I have been a regular visitor to Neha’s blog for a long time now and enjoy her lively posts. But every now and then she indulges in what she labels as poetry and I can’t make head or tail of what she is trying to say ( example, here) .To me, poems are about rhymes. If that’s missing, I may still like the piece, but I will not accept it as poetry. It’s like playing tennis without the nets, as Robert Frost is supposed to have said

Writing about the inventor of ‘vers libre’ or ‘free verse’ style that was gaining currency a hundred years ago, P.G.Wodehouse lamented:

" It is too early yet to judge the full effects of this man's horrid discovery, but there is no doubt that he has taken the lid off and unleashed forces over which none can have any control.
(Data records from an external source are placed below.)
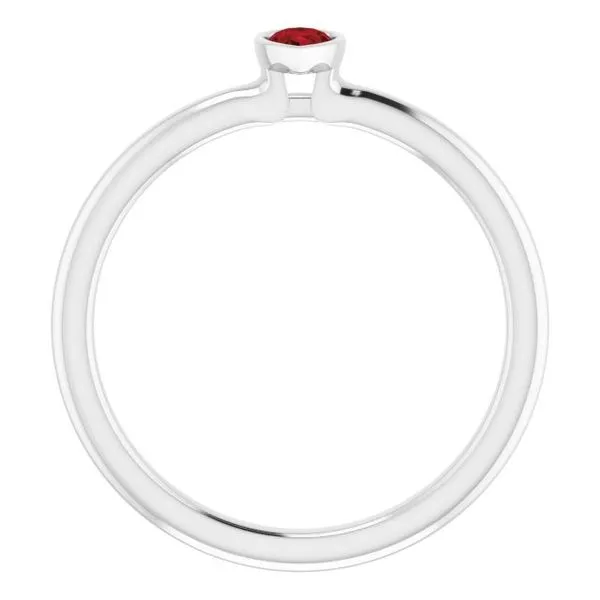 Family Stackable Bezel-Set Ring Image 2 Rasmussen Jewelers Spanish Fork, UT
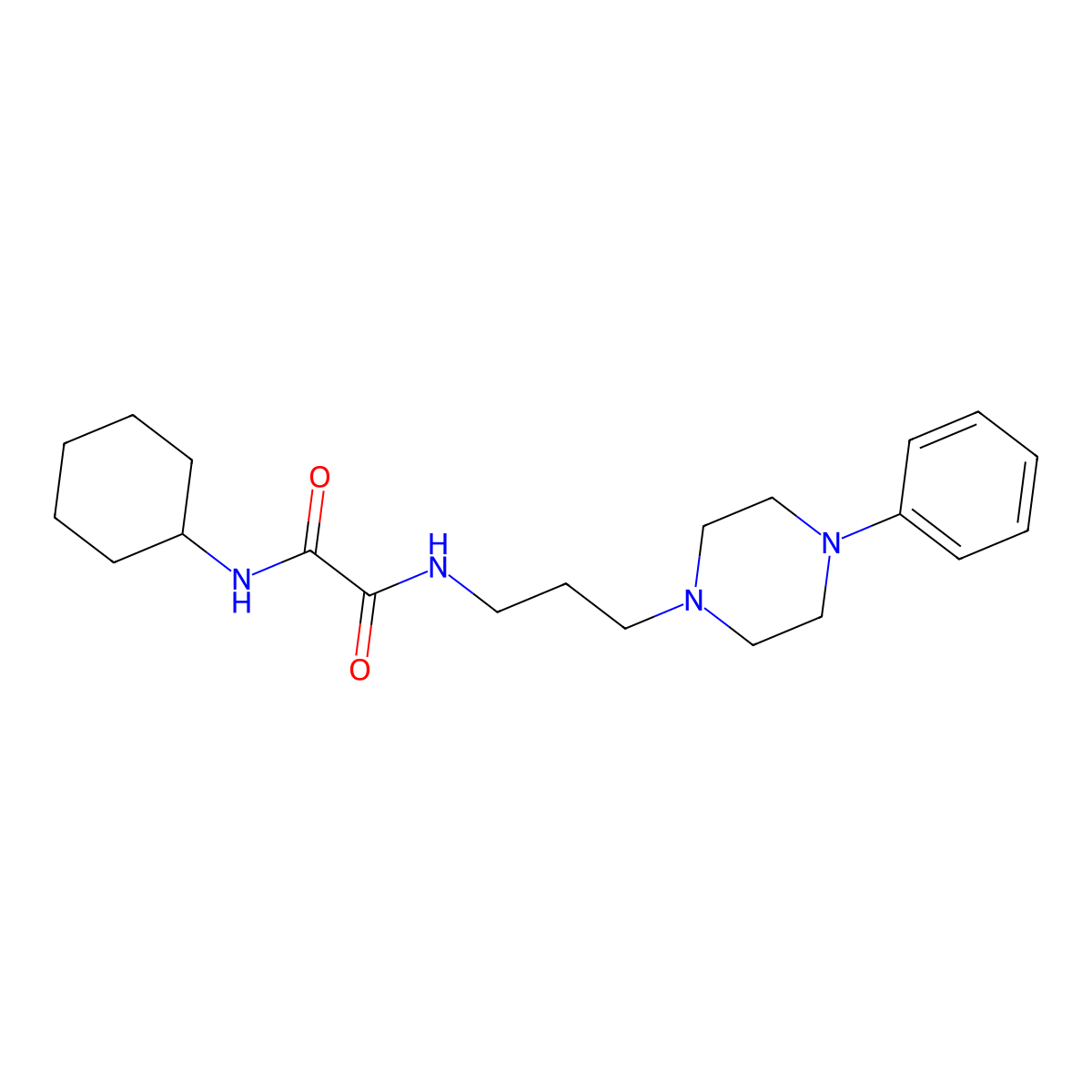 N1-cyclohexyl-N2-(3-(4-phenylpiperazin-1-yl)propyl)oxalamide molecular structure, CAS 1049519-15-4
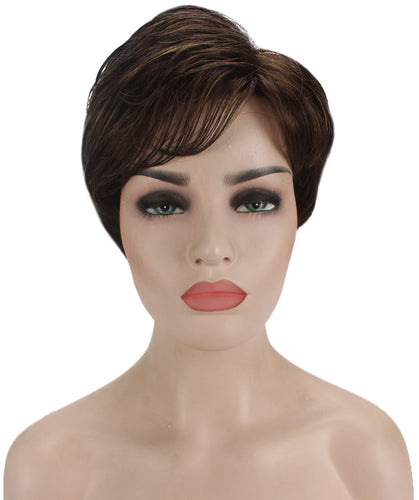 asymmetrical pixie wig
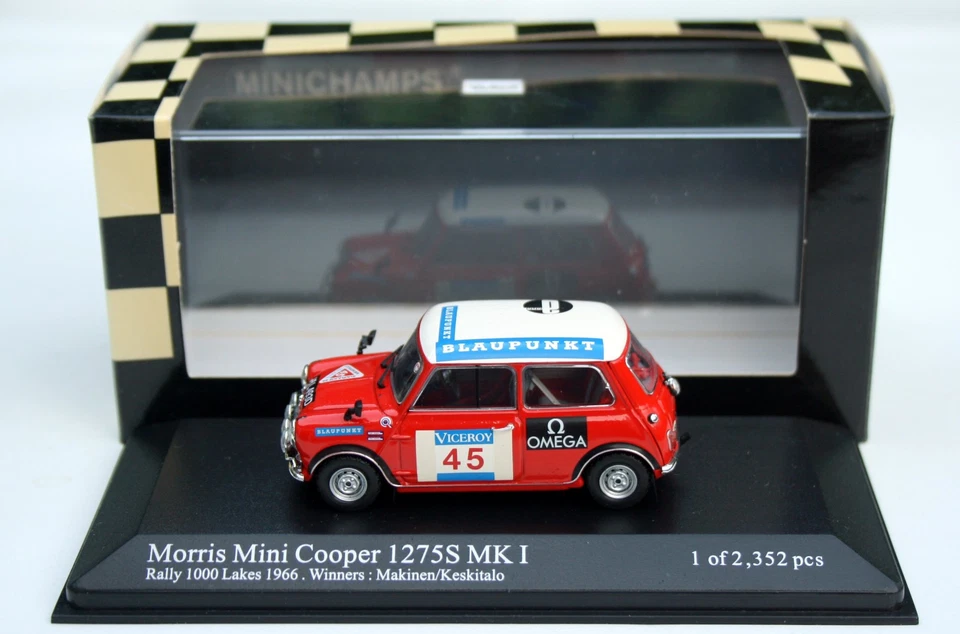 Morris MIni Cooper S MK1 #45 "Rally 1000 Laghi 1966" Tmäkinen, Minichamps 1:43 - Immagine 4 di 4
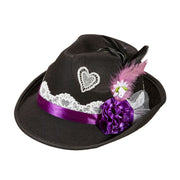 Op deze afbeelding zie je een Accessoires, van het merk Widmann. Zwarte Beierse Fedora Met Decoratie
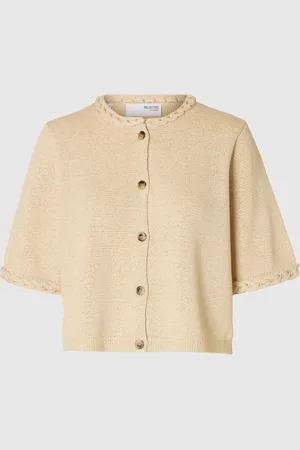 SELECTED Bomuldsblanding Strikket Cardigan
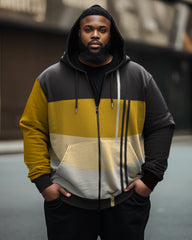 Men's Big & Tall Classic Colorblock Graphic Zip Hoodie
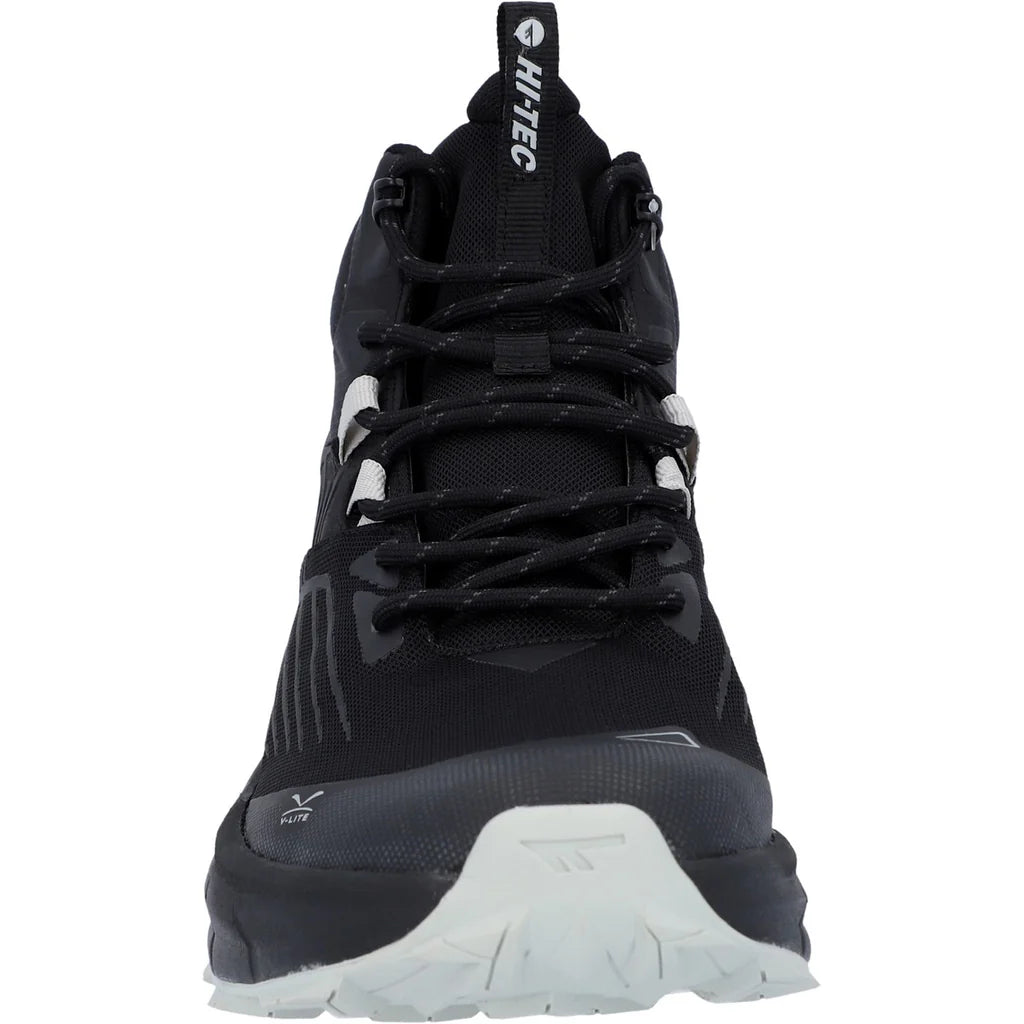 HI-TEC Fuse Trail Mid WP - Scarponcchi Uomo, Impermeabili E Ultra Leggeri Per Escursionismo, Colore Nero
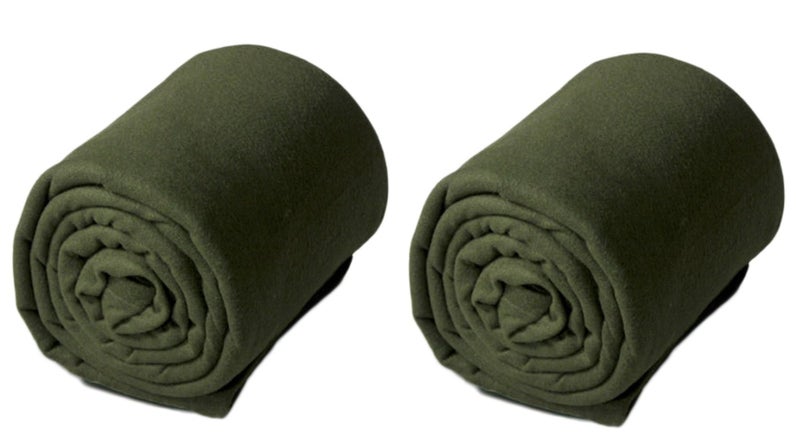 Goyal's ® Single Fleece Blanket Green Set of 2 - Image 1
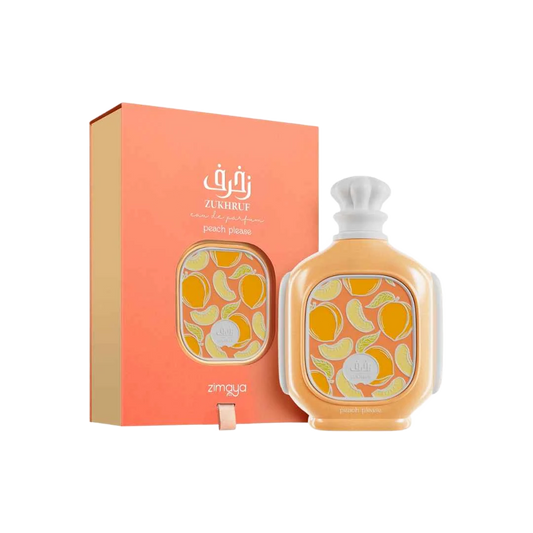 ZIMAYA ZUKHRUF PEACH PLEASE EDP FOR WOMEN - 100 ml -Hadiyyeh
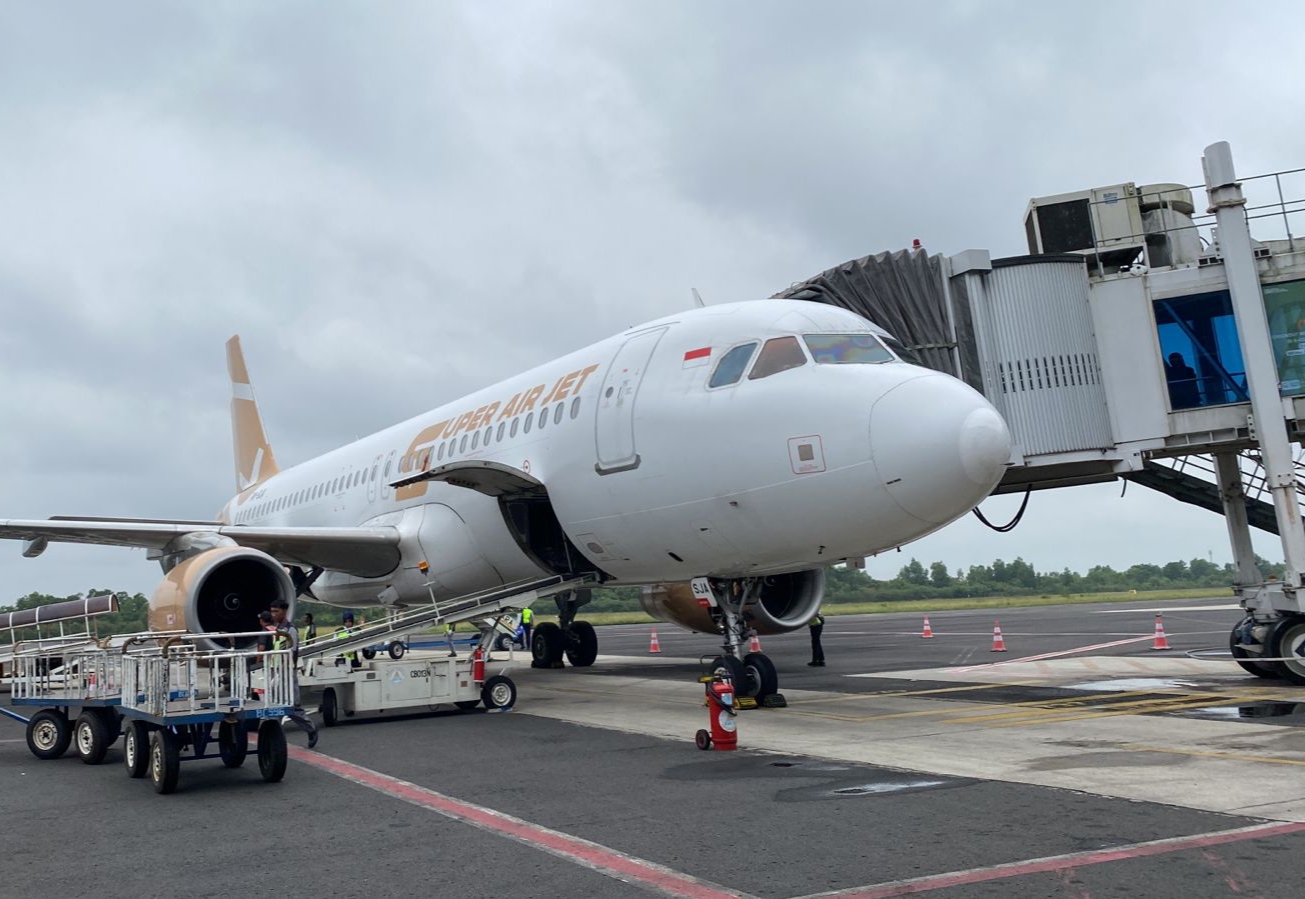 Gangguan Cuaca, Pesawat Tujuan Lampung Sempat Mendarat di Palembang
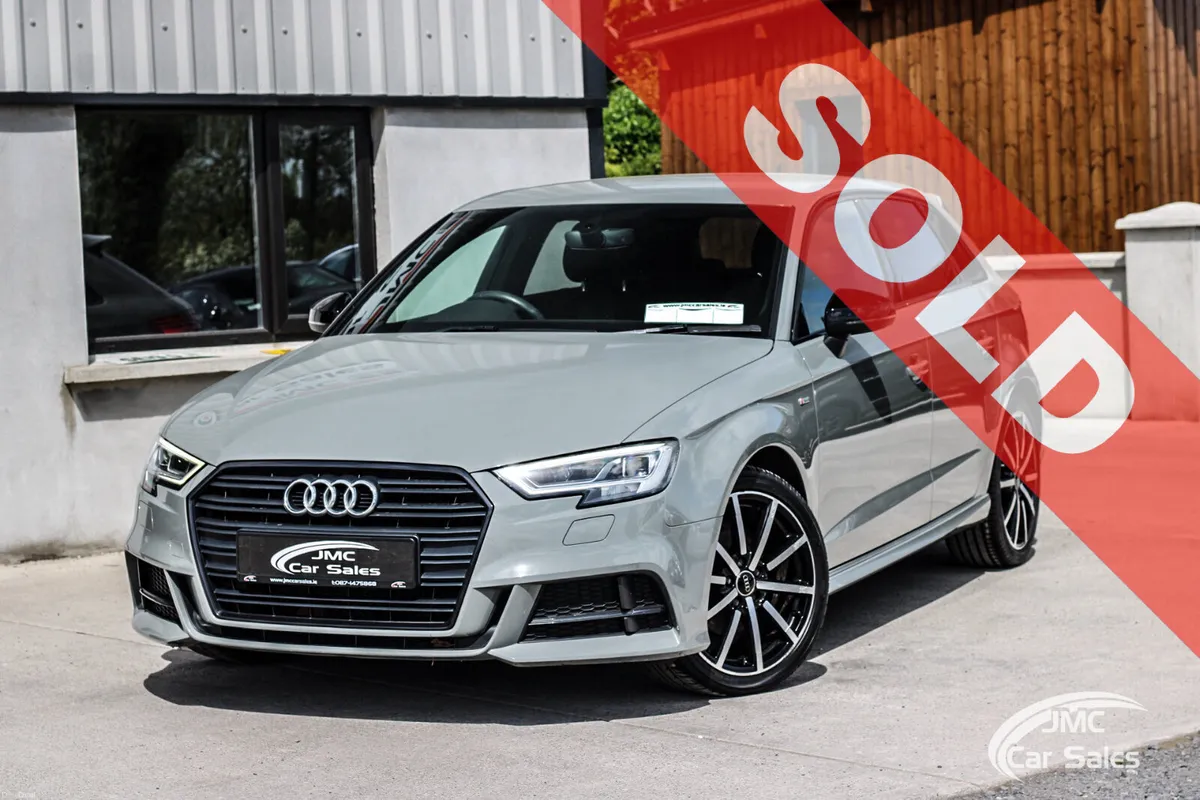 2019  QUANTUM GREY AUDI A3 S-LINE BLACK ED - Image 1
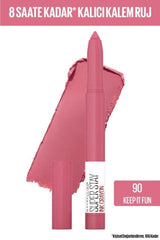 Super Stay Ink Crayon Pencil Matte Lipstick Pinks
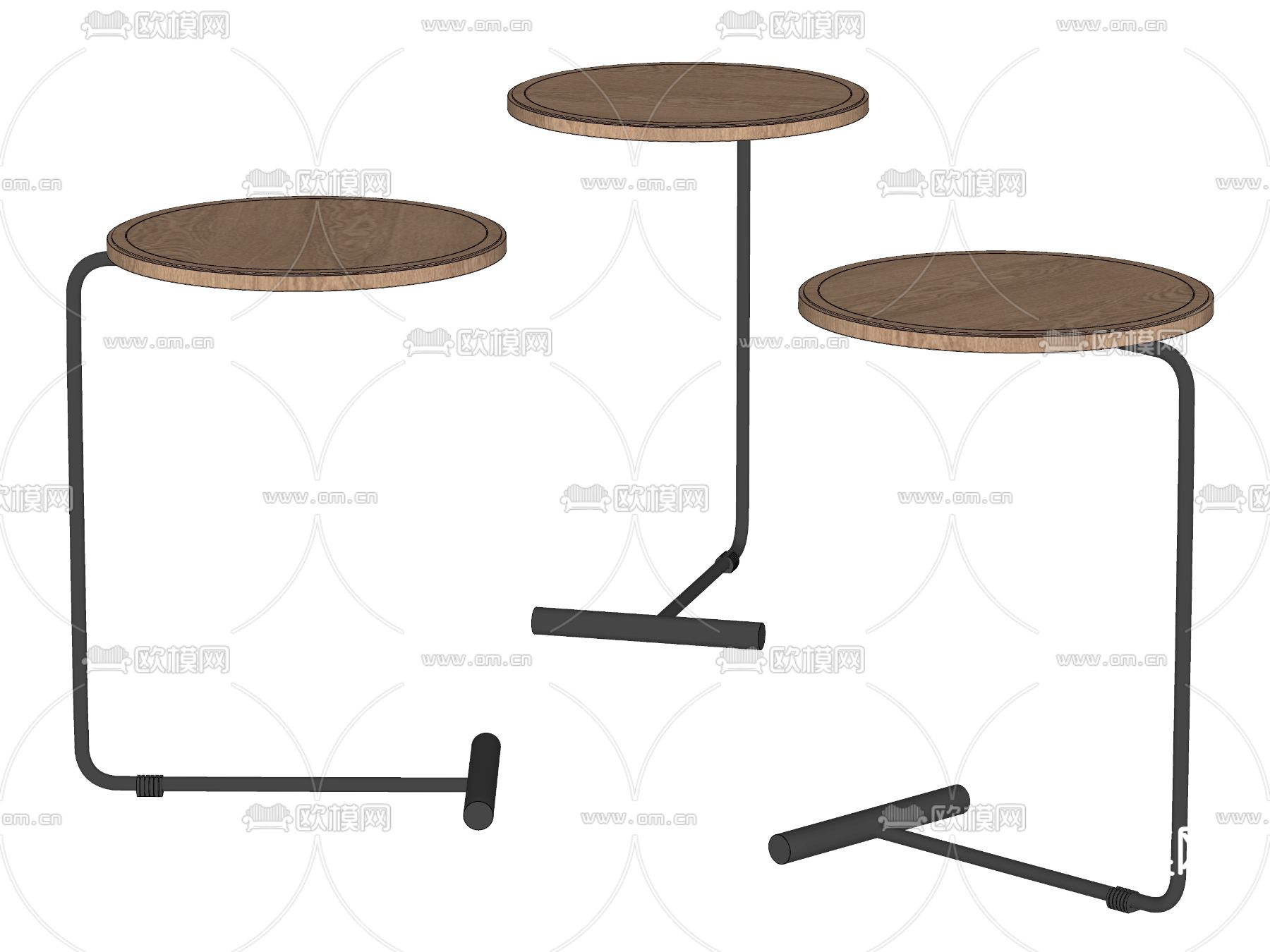 现代边几 角几su模型下载（渲染图1）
All those decent restrictions which used to check poets have vanished, and who shall say what will be the outcome? Not only are rhymes no longer necessary, but editors positively prefer them left out. If Longfellow had been writing today he would have had to revise "The Village Blacksmith" if he wanted to pull in that dollar a line. No editor would print stuff like:

Under the spreading chestnut tree
The village smithy stands.
The smith a brawny man is he
With large and sinewy hands.

If Longfellow were living in these hyphenated, free and versy days, he would find himself compelled to take his pen in hand and dictate as follows:

In life I was the village smith,
I worked all day
But
I retained the delicacy of my complexion
Because
I worked in the shade of the chestnut tree
Instead of in the sun
Like Nicholas Blodgett, the expressman.
I was large and strong
Because
I went in for physical culture
And deep breathing
And all those stunts.
I had the biggest biceps in Spoon River.

Who can say where this thing will end? _Vers libre_ is within the reach of all. A sleeping nation has wakened to the realization that there is money to be made out of chopping its prose into bits."

I agree with PGW. Any time, regular or prime, don’t commit crime of giving me poems, however sublime, that don’t rhyme.